Suppose we want do binary SVM classification for this multiclass data using Python's sklearn. So we have the following three binary classification problems: {class1, class2}, {class1, class3}, {class2, class3}.

For each of the above problem, we can get a *classification accuracy, say, 60%, 70%, 80%.

I have the following question:

How to combine the results of these 3 binary classifiers and get a result equivalent to a multiclass classifier, i.e., how to get the final classification accuracy, precision, recall, f1-score and a 3x3 confusion matrix after combining accuracies, precisions, recalls, f1-scores and 2x2 confusion matrices obtained from binary classifiers?

import pandas as pd
    import numpy as np
    from sklearn.model_selection import KFold
    from sklearn import svm, datasets
    from sklearn.metrics import accuracy_score, f1_score, precision_score, recall_score, classification_report, confusion_matrix
    import time
    import os

    tic = time.clock()
    # Import data
    iris = datasets.load_iris()
    X = iris.data                    
    Y = iris.target

    # Now, suppose we have three separate sets {data1, target1}, {data2, target2}, {data3, target3}
    # for binaray classification.

    #dataset = [{data1 + data2, target1 + target2}, {data1+ data3, target1 + target3}, {data2 + data3, target2 + target3}]

    for d in dataset:

        #Import any pair, say, {data1 + data2, target1 + target2}. We will import 3 pairs one-by-one for 3 different binary classification problems.

        #data = data1 + data2
        #label = target1 + target2

        K = 10    #Number of folds
        for i in range(K):
            kf = KFold(n_splits=K, random_state=None, shuffle=False)

            cv = list(kf.split(data1))        
            trainIndex, testIndex = cv[i][0], cv[i][1]        
            trainData, testData = data.iloc[trainIndex], data.iloc[testIndex]
            trainData_label, testData_label = data_labe.iloc[trainIndex], data_labe.iloc[testIndex]
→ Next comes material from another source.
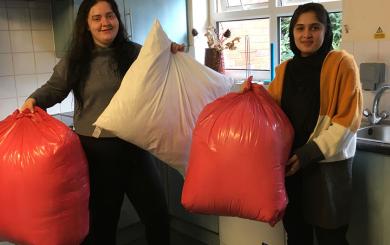 Residents hold the bags of donated pillows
            # So now, we have Train, Test, Train_label, Test_label


            clf = []
            clf = svm.SVC(kernel='rbf')

            clf.fit(Train, Train_label)     

            predicted_label = clf.predict(Test)


            Accuracy_Score = accuracy_score(Test_label, predicted_label)
            Precision_Score = precision_score(Test_label, predicted_label,  average="macro")
            Recall_Score = recall_score(Test_label, predicted_label,  average="macro")
            F1_Score = f1_score(Test_label, predicted_label,  average="macro")

            print('Average Accuracy: %0.2f +/- (%0.1f) %%' % (Accuracy_Score.mean()*100, Accuracy_Score.std()*100))
            print('Average Precision: %0.2f +/- (%0.1f) %%' % (Precision_Score.mean()*100, Precision_Score.std()*100))
            print('Average Recall: %0.2f +/- (%0.1f) %%' % (Recall_Score.mean()*100, Recall_Score.std()*100))
            print('Average F1-Score: %0.2f +/- (%0.1f) %%' % (F1_Score.mean()*100, F1_Score.std()*100))

            CM = confusion_matrix(Test_label, predicted_label)

        print('-------------------------------------------------------------------------------')
    toc = time.clock()
    print("Total time to run the complete code = ", toc-tic)

Also, how would we combine the accuracies if we also did 10-fold cross-validation?